All this, and more! The honest truth is: the whole airplane, it all flexes to one degree or another. Different maneuvers/inputs produce their own "hot spots." On the F-2 that I work with, the same part may have multiple critical load cases (some in-flight, some by other events), depending on location and the failure mode. And we have an incredible number (that I can't remember right now) of load cases, being a military combat aircraft. But wait, there's more! Vibro-acoustics can produce fatigue as well, on the 150/2 from the motor vibration and the propeller pulses. (The F-35 STOVL gets beat up pretty good by the ground reflections of the vector thrust)

One of the advantages of a large fleet with substantial time in service is the structure is pretty well proven, the major and most minor hot spots identified (an unsung role of the mechanic is this kind of feedback of what is seen in the field). Thus what you are looking for is really just making sure those items, mostly AD's, are up to date.
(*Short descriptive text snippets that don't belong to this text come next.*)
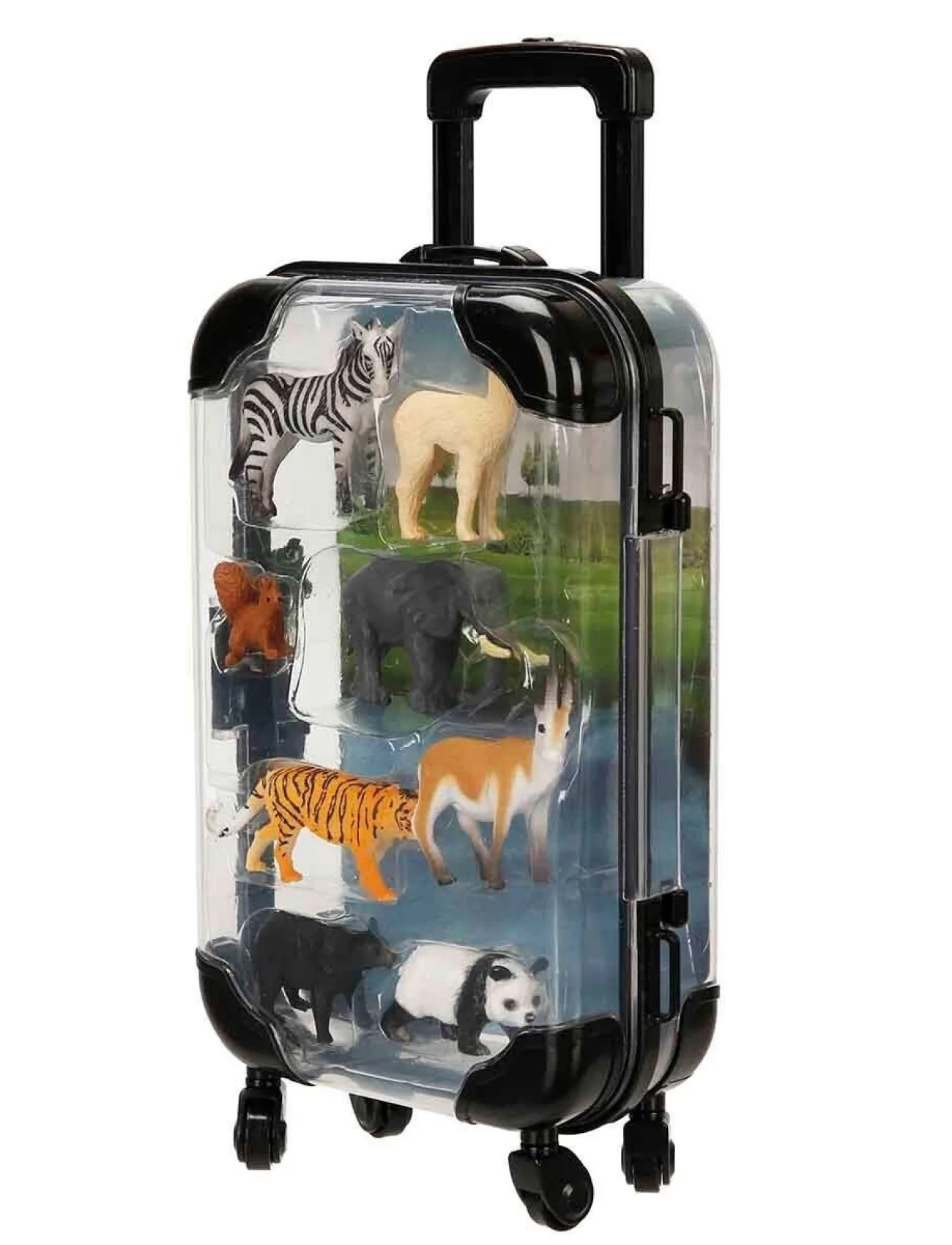 5003 SUN-YFN-FİGÜR HAYVAN SET VALİZLİ 8PRÇ 2A 6D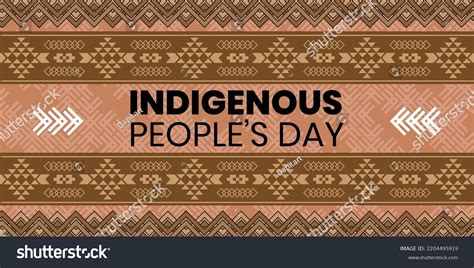 Indigenous Peoples Day International Day Worlds Stock Vector Royalty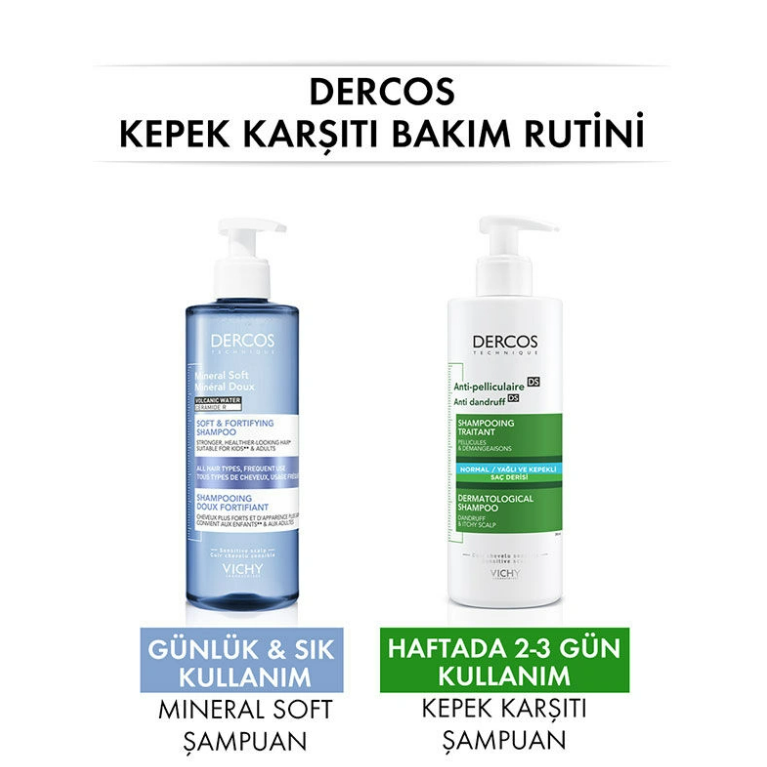 Dercos Mineral Soft Şampuan 400 ml - 3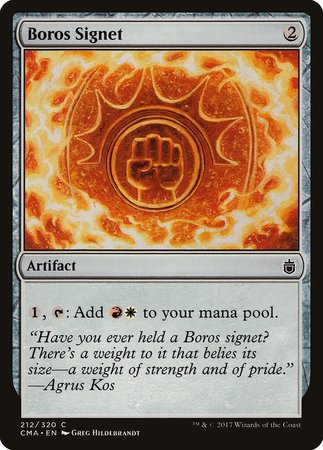 Boros Signet [Commander Anthology] | Cracking-Singles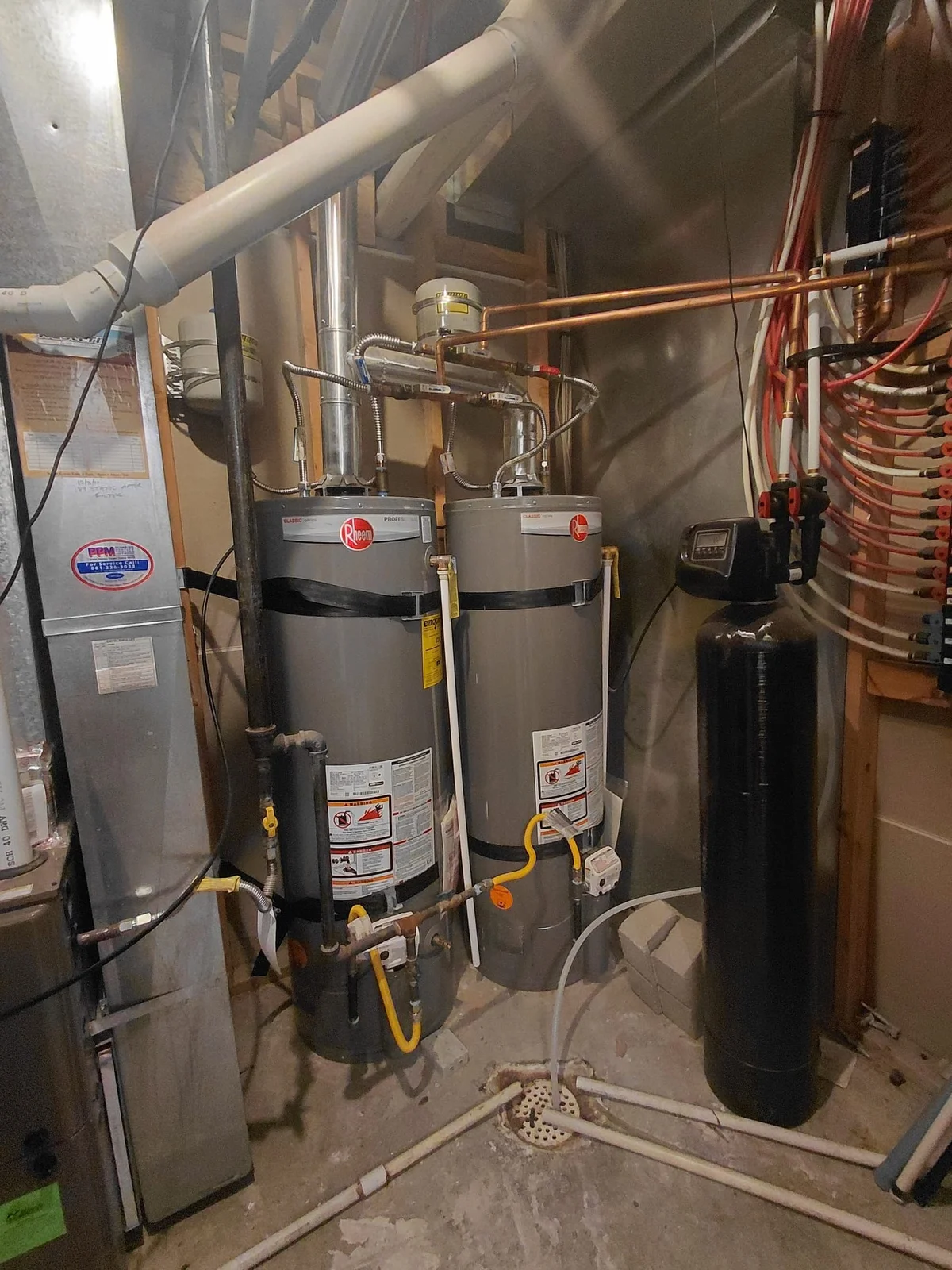 A softener install sized for Utah's hard water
The structural design has several safety factors to handle the limit load stress levels with reasonable room to spare. This means there is a lot of potential life in an aluminum structure. And with this margin, most of the time in conventional structures a crack weakened part will shed load into other structure and the crack grows slowly. This gives you time to find the crack in normal maintenance. And as the other structure overloads as the crack unloads, it yields and bends and gives you further warning of the crack. (Assumes loads are within limits, although overloading can do the same bend-before-break thing if not excessive - the 152 will show skin wrinkles near the MLG if landed in a golf course sand trap, for instance . . . ) This wider range of elastic-plastic behavior of aluminum is part of what makes it so useful in aviation. Not 100% foolproof (it's a human endeavor), but has worked rather well. Pressure vessels are loaded more uniformly and respond differently, hence the separate tracking of pressurization cycles from flight hours.
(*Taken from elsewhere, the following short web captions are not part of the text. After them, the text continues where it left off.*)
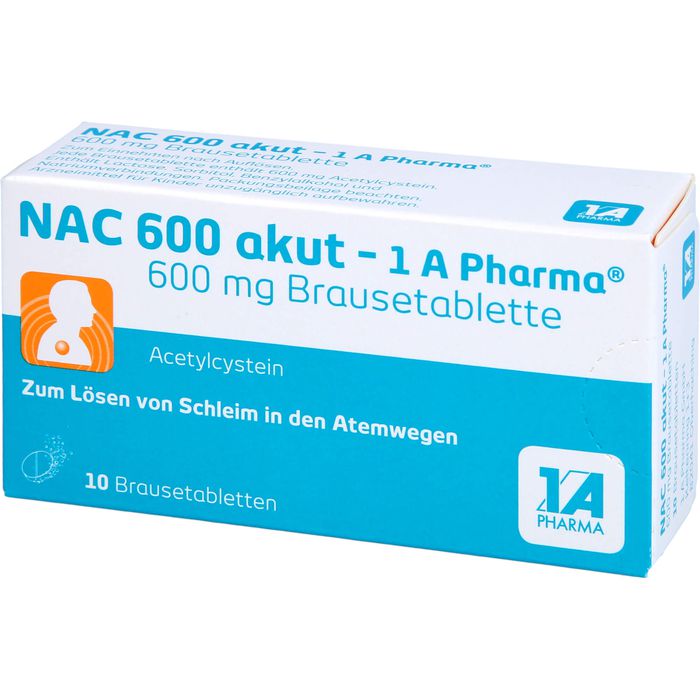NAC 600 akut-1A Pharma Brausetabletten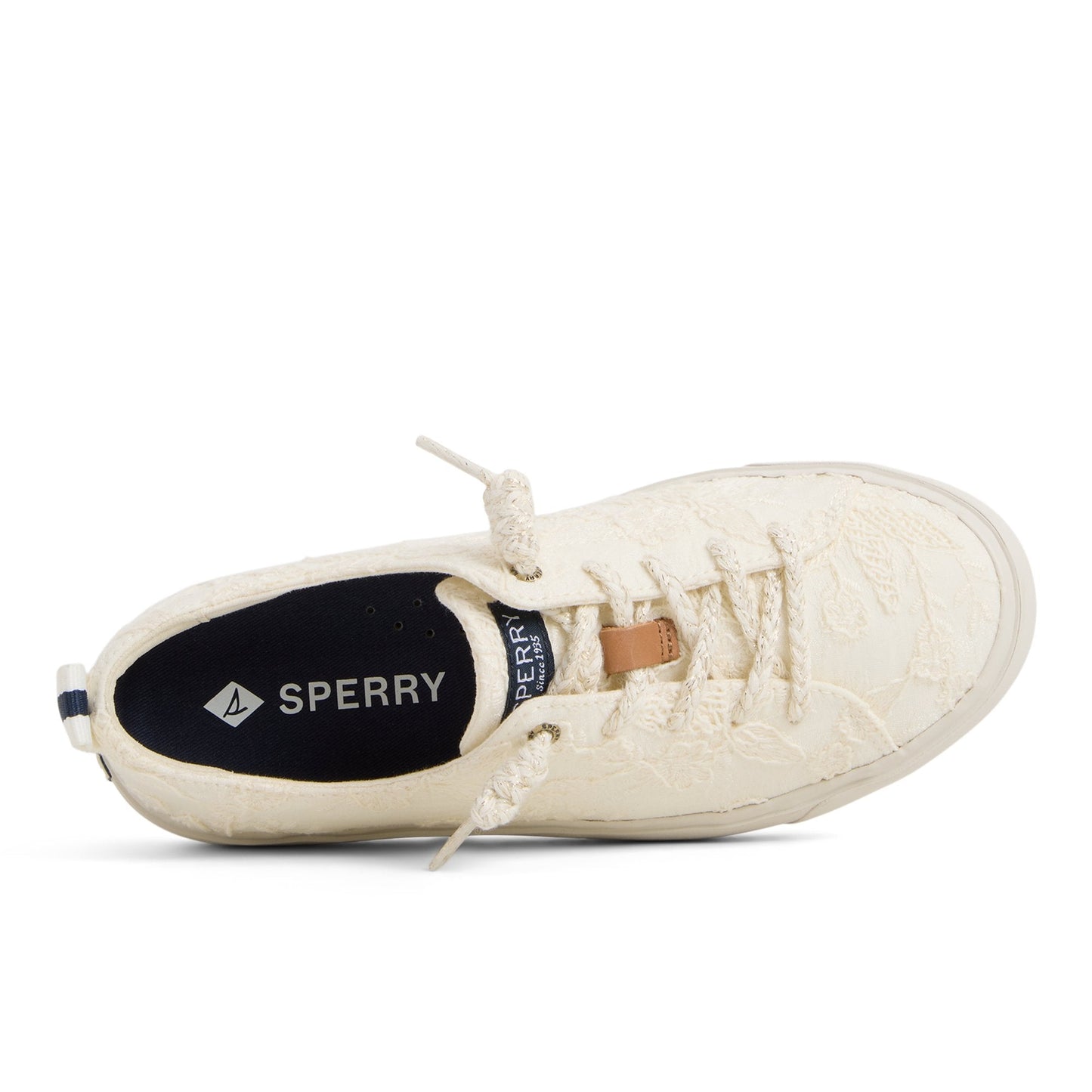 Sperry Cove Lace to Toe Sneaker Cream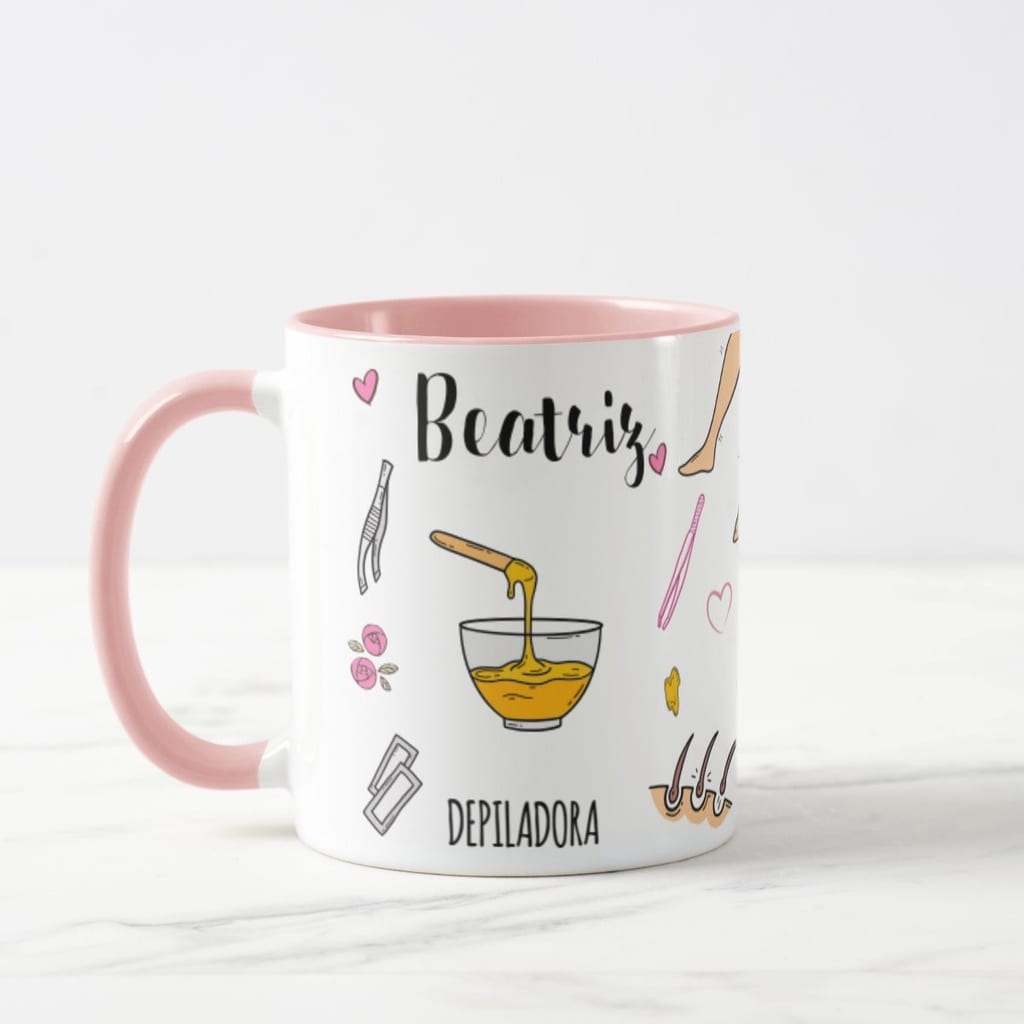 Caneca Personalizada Criativa com Nome Profissão Depiladora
I guess this is the long way 'round to saying that fatigue, while important, is not at the top of the worry list here, in the GA fleet. There is some growing concern for the very high time/cycle airframes (principally the military and commercial air transports) just because it is new territory. As development times have lengthened and costs have risen, aircraft fleets have not been upgraded as quickly, which used to put most of the "old-timers" out to pasture before this was a significant issue. In addition, aluminum has a peculiarity in that a low stress over a long period of time can cause material failure, too, so there are definite (but high) ultimate time limits to some (parts of) aluminum structures.
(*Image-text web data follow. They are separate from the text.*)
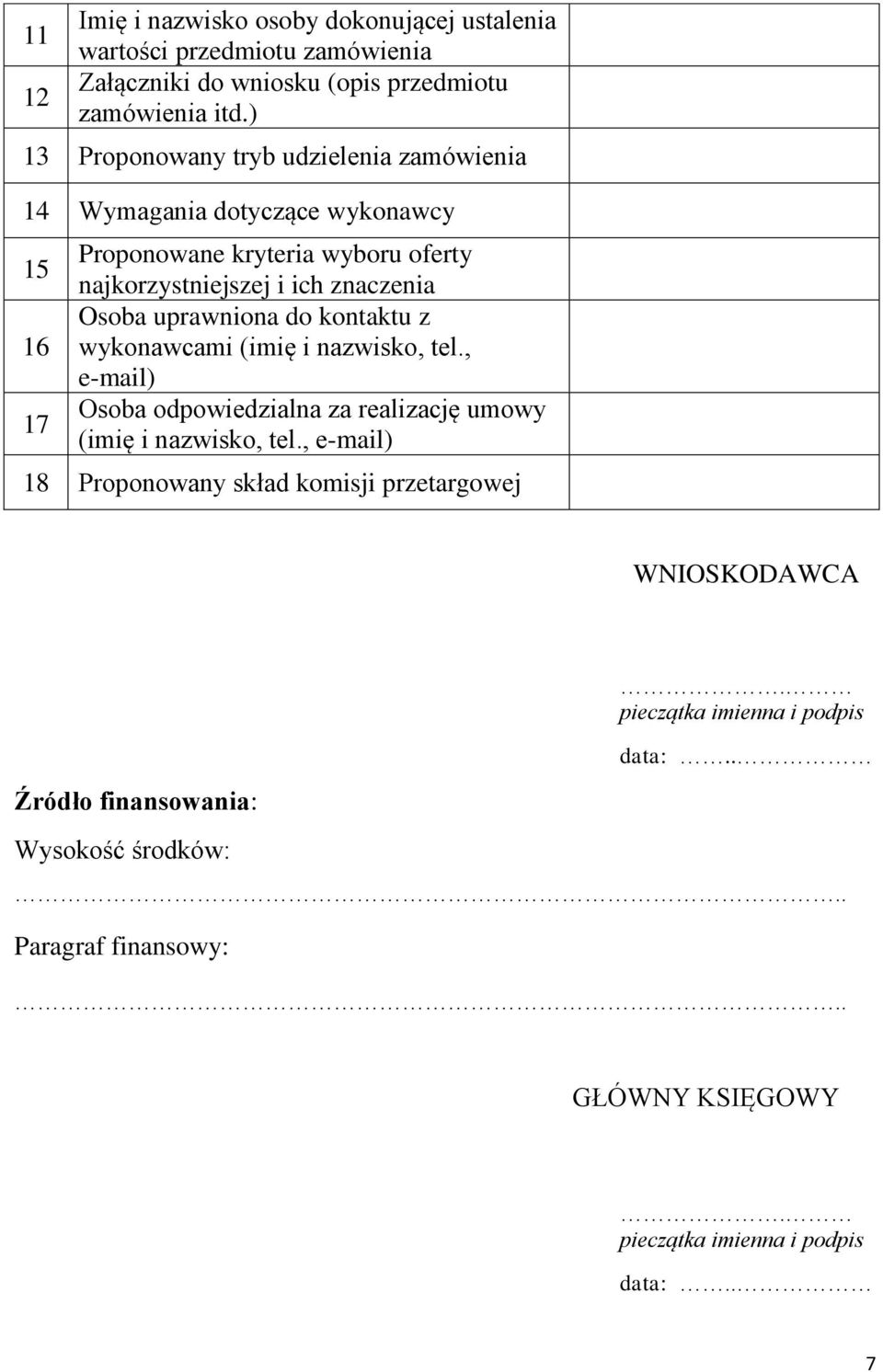 uprawniona do kontaktu z wykonawcami (imię i nazwisko, tel., e-mail) Osoba odpowiedzialna za realizację umowy (imię i nazwisko, tel.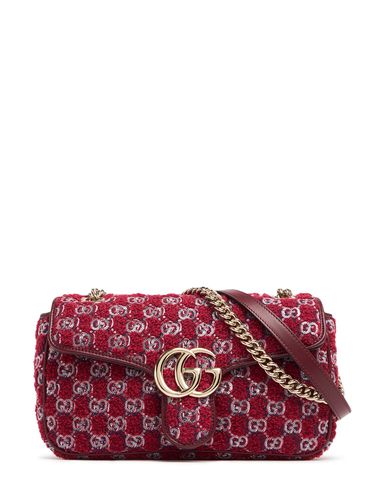 Petit Sac En Laine Vierge Mélangée Gg Marmont - GUCCI - Modalova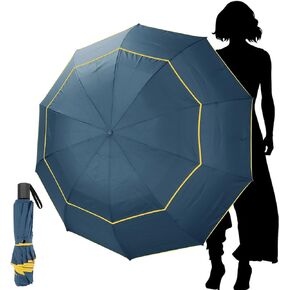 Kalolary 62 Inch Golf Umbrella Extra Large Folding Umbrella Rainproof Compact Umbrella Oversize Double Canopy Vented Waterproof Stick Travel Umbrellas for Women & Men Family Home Use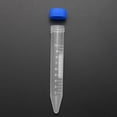 thumbnail image 3 of Uxcell Tubos de centrifugación cónicos de plástico de 10ml con tapa de rosca azul, paquete de 10, 3 of 5
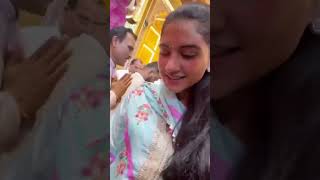 Radhika Merchant Ambani Shloka Mehta Ambani Mukesh Ambani Anant Ambani Lalbaugcharaja Ganesh Darshan [upl. by Stanwin]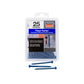 1/4"-2-1/4" Strong-Tie Hex Head Titen Turbo Screw Anchor, Blue Zinc, Pkg 25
From my perspective, I consider "low" airframe time more like a cosmetic issue, nice to have but does not really affect the function now or future. At annual/pre-purchase inspection, 80Q turned out to be in rather nice shape for a 25 yr, 9400+ hr airframe, not to say it does not show it's age and use. Spent 20 of those years in the arid climes doing club and probably some rental trainer duty and having regular maintenance done by the same person for years at a stretch, before coming down here to slumber for awhile until I came along and woke it up. Two recorded events, neither of which produced any airframe damage we could find in inspection (but did engender two engine swaps, one change of owners, and the switch to the Sensenich prop ). Some might be put off by the total time, but I am still shaking my head at my luck in the whole deal.